The First Mundaka: Second Khanda

The object of the lower Vidya is connected with the doer, the instrument of doing, the action, and the result thereof. The path of the lower Vidya is one of Samsara, whose beginning and end cannot be known. It is of the form of pain and, therefore, it has to be rejected by all intelligent beings. The experience of Samsara is continuous like the flow of waters in a river. The cessation of this flow is called emancipation which is the object of the higher Knowledge, which is beginningless and endless, decayless, deathless, immortal, fearless, pure and calm, of the nature of establishment in the Self, non-dual and Supreme Bliss. The experience of Samsara is not a constant or steady experience but a constant movement or a free flow of mental experiences.

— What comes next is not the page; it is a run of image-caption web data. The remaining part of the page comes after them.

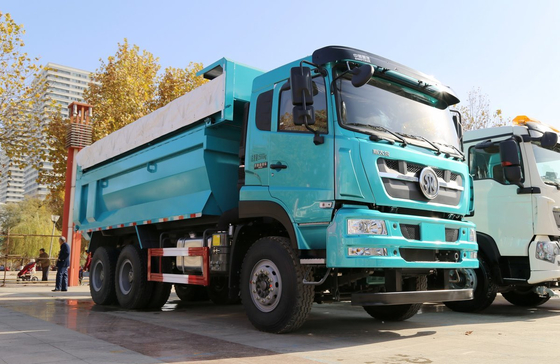 شاحنة التعدين الصينية 380 حصان في خط ستة أسطوانات 8.7 متر طول 6 * 4 ستير D78 LHD / RHD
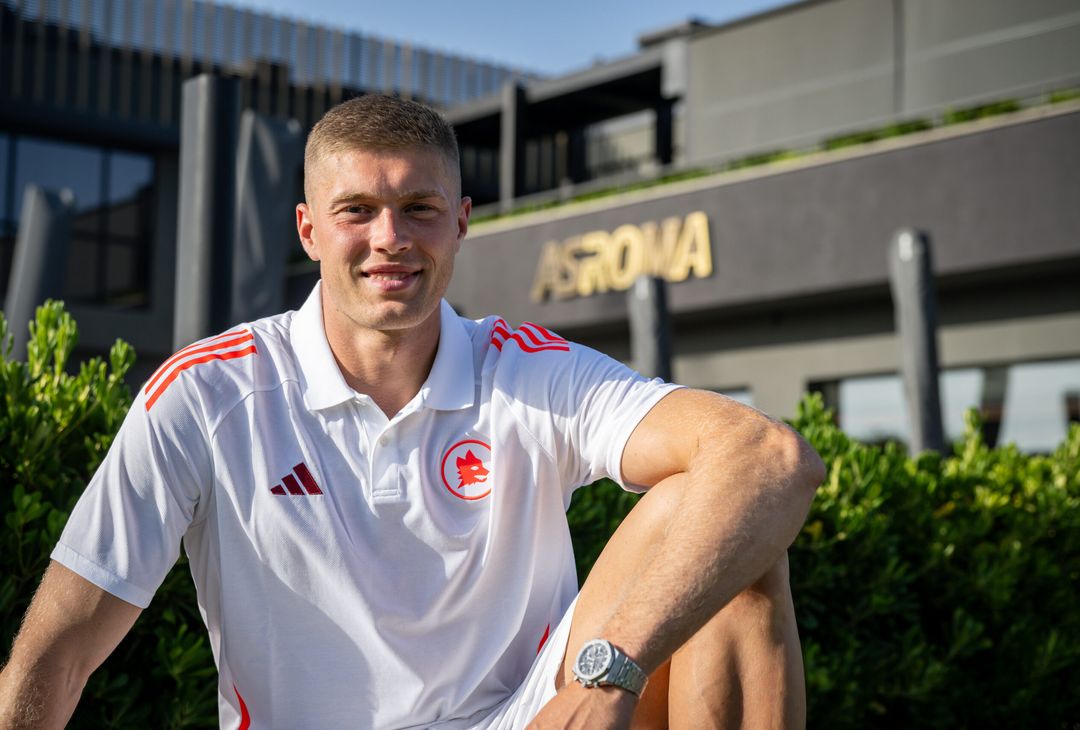 Roma, le prime immagini di Dovbyk con la maglia giallorossa – FOTO GALLERY - immagine 5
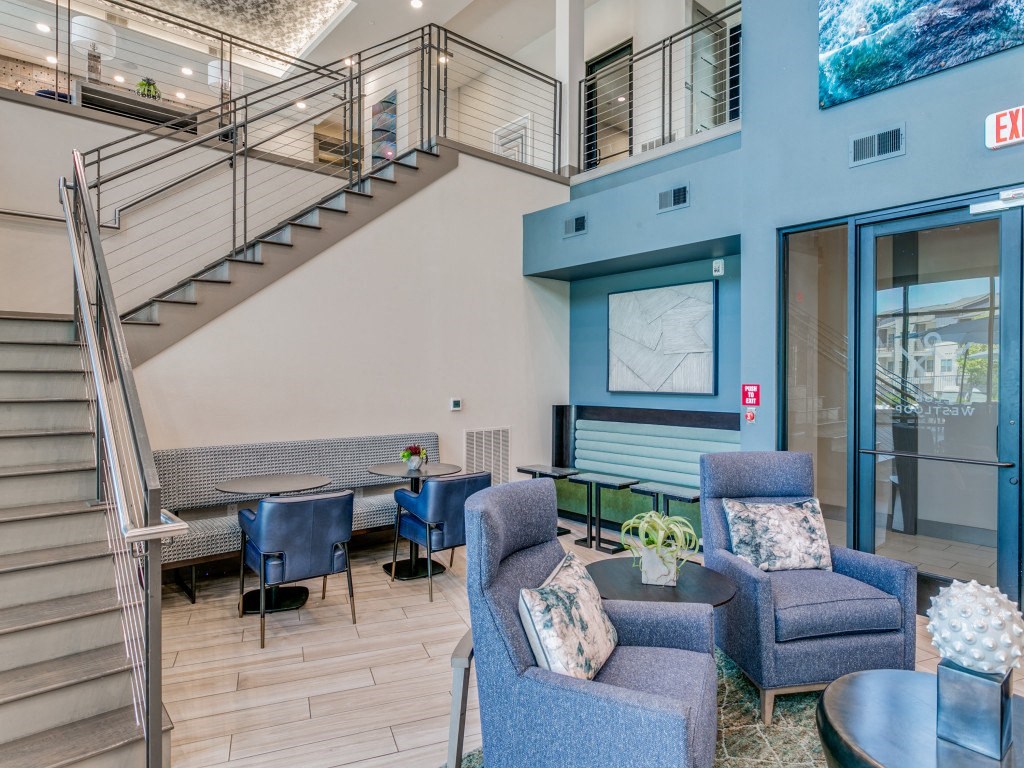 Westloop at the Diamond Interchange Irving, TX spacious two-story resident lounge
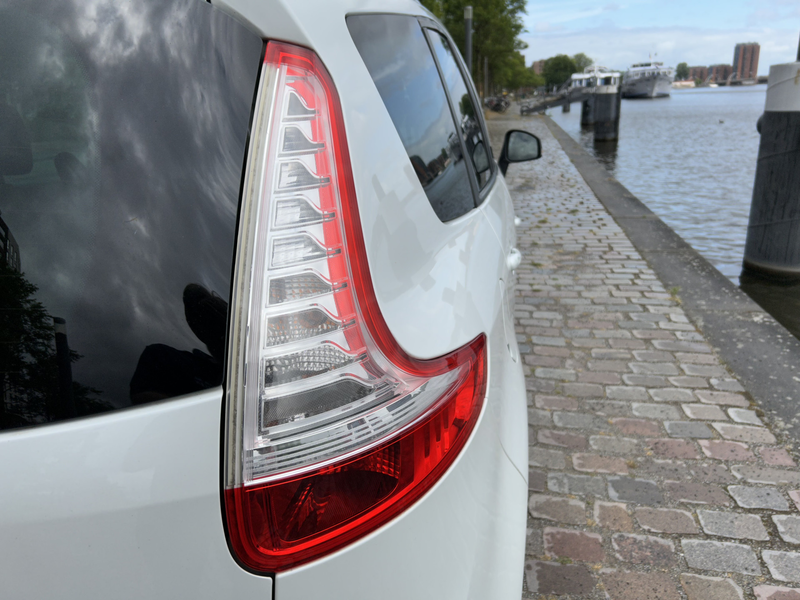 Renault Grand Scenic 1.2 TCe Limited Airco/ECC Navi Cruise — photo 46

It is not existence, but change. Change is another name for Samsara. This change is the involuntary urge caused by the sense of imperfection and desire for perfection. It is this great discontent present in life that never allows anything to be what it is for more than a moment. Everything has to transform itself, for nothing is perfect. Whatever is in space or in time comes under the law of causation and, therefore, is bound to be imperfect. This section of the Upanishad deals with the nature of lower Vidya and its criticism is intended to make one conscious of the imperfect state and then go beyond it. Vairagya is the result of the perception of defects and the consciousness of perfection. It is necessary that there should be a consciousness of suffering so that one can know what he actually is through the sense of limitation and the aspiration given rise to by this consciousness.

Mantra No. 1

The effects of Karmas which were glorified in the Mantras of the Vedas and which were known by the sages were diversely explained and put into practice in the Treta Yuga. (Treta may also mean the threefold Veda consisting of the Rik, the Yajus and the Saman.) O men! Observe these always, having the desire for the fruits of actions based on truth or righteousness. This is your path of good action in this world.

Mantra No. 2:

When in the flaming-fire the flames begin to shake, then oblations of ghee should be offered in the middle of the two previous oblations of Darsa and Paurnamasa.

Mantra No. 3:

Whose performance of Agnihotra is without the Darsa and the Paurnamasa, without the sacrifice of Chaturmasya, without the offering of the autumnal season, without feeding and worshipping the guest, without proper performance, without the Vaishva-Deva offering and which is not done according to rules—that Agnihotra shall destroy the seven worlds of the performer.

Mantra No. 4:

The seven flames of fire are Kaali, Karali, Manojava, Sulohita, Sudhumravarna, Sphulingini and Vishvaruchi.

Mantra No. 5:

Who performs the sacrifice when these flames are brilliant, offering oblations at the right time, him the rays of the sun guide and take to where the ruler of the gods reigns supreme.

Mantra No. 6:

The oblations offered appear in conscious forms and invite the sacrificer, saying “Come, Come”. They speak to him in sweet words and worship him and through the passage of the rays of the sun lead him up to the celestial region and say, “This is your auspicious heavenly world, the effect of meritorious deeds.”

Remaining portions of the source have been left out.